Christopher McDougall’s “Born to Run” hit bookstore shelves five years ago next month. Its impact on the running world has been considerable. Here’s a quick glance at a few of the ways it influenced the running world.

1. McDougall’s 304-page autobiographical account of running almost-barefoot with the Tarahumara Indians of Mexico has sold more than a half million copies worldwide and has remained on the New York Times bestseller list for more than four years. Although it contains some hyperbole, the book has earned its keep (and rave reviews) because McDougall’s vivid story-telling and in-depth reporting appeal to everyone from new runners and veteran ultrarunners to non-runners and couch potatoes alike.

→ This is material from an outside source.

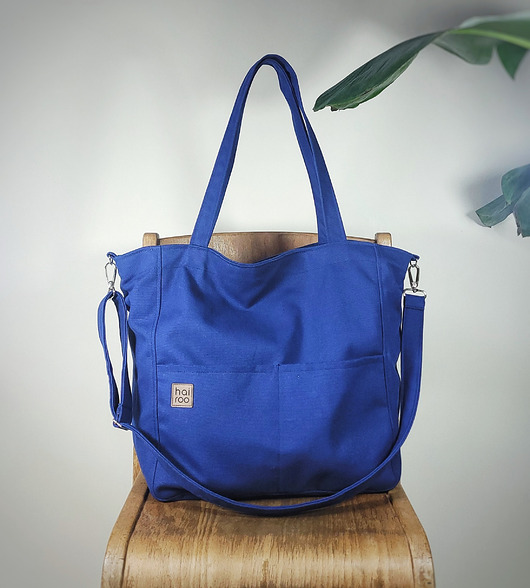 torby na ramię Lazy bag Pocket torba granatowa bawełniana eco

2. Micah True became a cult figure known as “Caballo Blanco,” a simple man who years ago without any fanfare befriended the impoverished Tarahumara (a.k.a. Raramuri) people of Mexico and for 10 years organized a race to help support them. Sadly, the 58-year-old reluctant celebrity died during a trail run in New Mexico in the spring of 2012 after leaving his winter home in the Copper Canyon region of Mexico for his summer home in the foothills of Boulder, Colo. But his free-spirited legacy, his race and the worldwide attention on the Tarahumara endure.

3. The book was one of the primary catalysts for the minimalist running shoe revolution that helped spur brands to develop lighter, lower-to-the-ground shoes using less material. While some would argue that “barely there” shoes led many runners to run with insufficient cushioning and protection under their feet, there’s no question the paradigm shift helped runners rethink about how much (and how little) they really need in a shoe. It also spurred running shoe manufacturers to build lighter models across all categories.

RELATED: 5 Questions With Chris McDougall

4. McDougall’s indictment of the running shoe industry also helped further the natural running form movement, which has led to runners realizing that it’s not only shoes that help them run better but good mechanics and dynamic strength, too. Four years later, though, there’s no clear-cut answer about what kind of gait is best or if runners should even try to change their form. The end result is that more runners are running more efficiently in lighter shoes than a decade ago, if only because shoes are lighter and built with less material.

5. Numerous books have been written about running form, minimalist shoes, barefoot running or the spiritual essence of running since “Born to Run” hit bookstores, including “Anatomy for Runners” (Jay Dicharry), “Tread Lightly” (Bill Katovsky and Dr. Peter Larson), “Chi Marathon” by Danny Dreyer, “Eat & Run” (Scott Jurek), and “Natural Running” (Danny Abshire). The latest good one worth a read is “The Cool Impossible,” by trainer/coach Eric Orton, who was instrumental in teaching McDougall how to run better and become more fit.

6. The movie adaptation of “Born to Run” appears to be stuck in Hollywood. Originally, reports said actor/director Peter Sarsgaard would be directing the movie adaptation of “Born to Run” and Jake Gylenhaal, his brother-in-law, was expected to play a lead role. An IMDB report later said the movie would be produced by the husband-wife team of Frank Marshall and Kathleen Kennedy, who have individually and jointly been tied to many blockbuster productions from Steven Spielberg and Lucasfilm. However, McDougall said in 2013 a major shake-up occurred . A new script was expected to be completed last year, and a new director was supposed to be unveiled last summer, but the movie is still listed as being “in development” on film industry websites.